Beth Lewis is the director of Save Our Schools Arizona, as well as a Tempe educator and parent. This op-ed was originally published in the AZ Mirror.
Arizona is facing an unprecedented school closure crisis.
Last school year, 20 schools were forced to shutter their doors, causing uncertainty and heartache for many Arizona families who rely on and choose their local neighborhood schools. Now, even more districts are being forced to make agonizing decisions about school closures this year, with Kyrene schools in Tempe considering shuttering one-third of its schools and Amphi schools in Tucson looking at closing 5 of its 12 elementary schools.
Arizonans deserve the truth: It’s the vouchers.
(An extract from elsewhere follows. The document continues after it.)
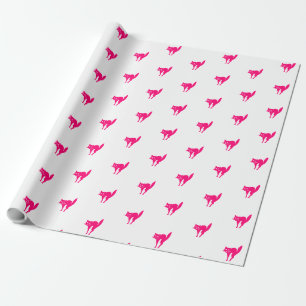 Cute hot-roze fuchsia white cat Patroon gift Cadeaupapier
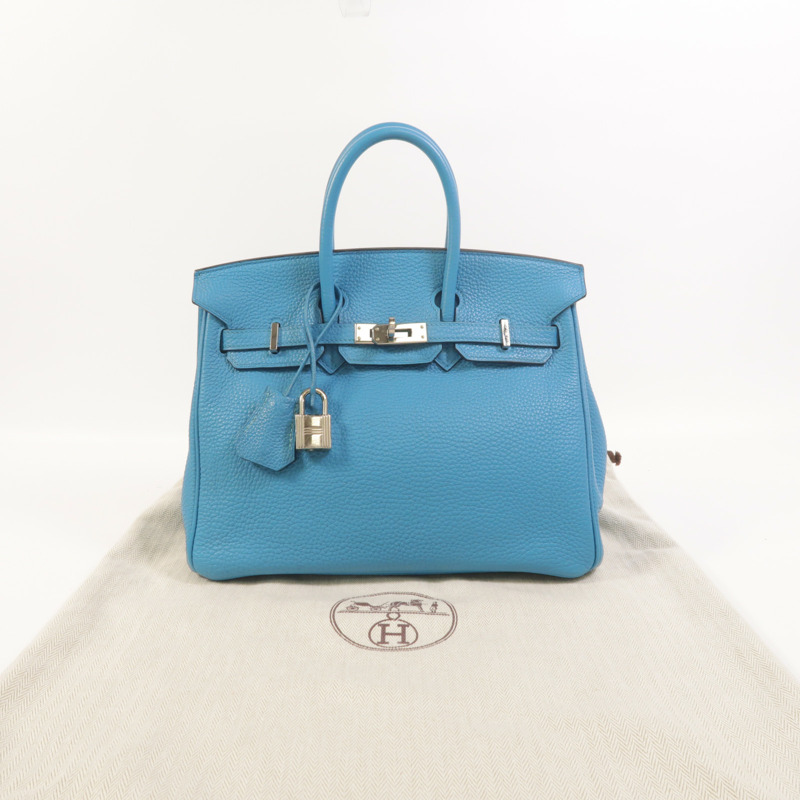 HERMES Togo皮革Birkin 25手挽袋Turquoise-8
Instead of investing in local public schools to meet students’ needs and ward off school closures to ensure equal access to quality neighborhood schools, Republican state lawmakers voted to force through universal ESA vouchers, which are now draining a massive $1 billion a year to instead pay for private, for-profit models that pick and choose students.
For decades, the Republican-led Arizona legislature has chronically refused to fund our state’s public schools, which remain 49th in funding in the U.S. This rock-bottom funding leaves zero cushion for school districts facing even moderate enrollment fluctuations or birth declines.
Schools are already operating on shoestring budgets, without adequate resources or adults to meet students’ needs. Arizona’s public school classrooms are going without much-needed basic supplies. Teachers and parents must crowdfund for basics.
For years, despite a mountain of evidence of the harms of underfunding schools and lawsuits and court orders demanding the state legislature make public schools whole, Republican lawmakers protested that they didn’t have resources to fully fund local schools.
But in 2022, Gov. Ducey and Republican lawmakers forced a $1 billion-a-year, uncapped universal voucher program to fund private schools. They did so without budgeting for the program and with zero guardrails for oversight or accountability — all but ensuring maximum spend with no strings attached.
Over 90,000 students are now enrolled in the ESA voucher program, a majority of which never attended public schools. Data shows that vouchers are predominantly being used by wealthy families who’d already been choosing private schools. This means well over half of the $1 billion that Arizona taxpayers will spend on vouchers this year will go to subsidies for wealthier families who were already able to choose (and afford) private education or homeschooling.
Put simply, vouchers are draining desperately needed funds from low-income schools and forcing school closures, while lining the pockets of the rich.
In Kyrene Elementary School District, which has said that school closures are necessary to make between $7 million and $12 million in budget cuts, vouchers are draining $12.1 million a year. Amphi schools are losing $13.7 million a year to vouchers — and 87% of voucher students in that district never attended public schools.
Roosevelt School District shut down five schools to save a stated $8 million a year, while vouchers drain $8 million a year in the district. Paradise Valley Unified School District closed three schools to save $2.4 million a year, while vouchers drain $30 million a year there.
The math is simple: Arizona doesn’t provide enough funding to adequately fund one school system, much less two — a public system open to all and a selective private system. Meanwhile, report after report shows many millions in fraud, waste and abuse of our taxpayer dollars via the voucher system — money that could and should stay in the public schools that are being forced to close against the will of the families and educators choosing these schools.
We are far past the time for alarm bells; this is a full-blown crisis for our state. The Republicans who control our state legislature are intentionally underfunding Arizona’s schools, which serve 92% of families, in order to usher in a privatized, two-tiered education system where some children are “picked” as winners and many are left behind. None of us should be okay with this. Arizona has a moral imperative and a constitutional obligation to fund public education for all families. Speak up now, before we lose our public schools for good.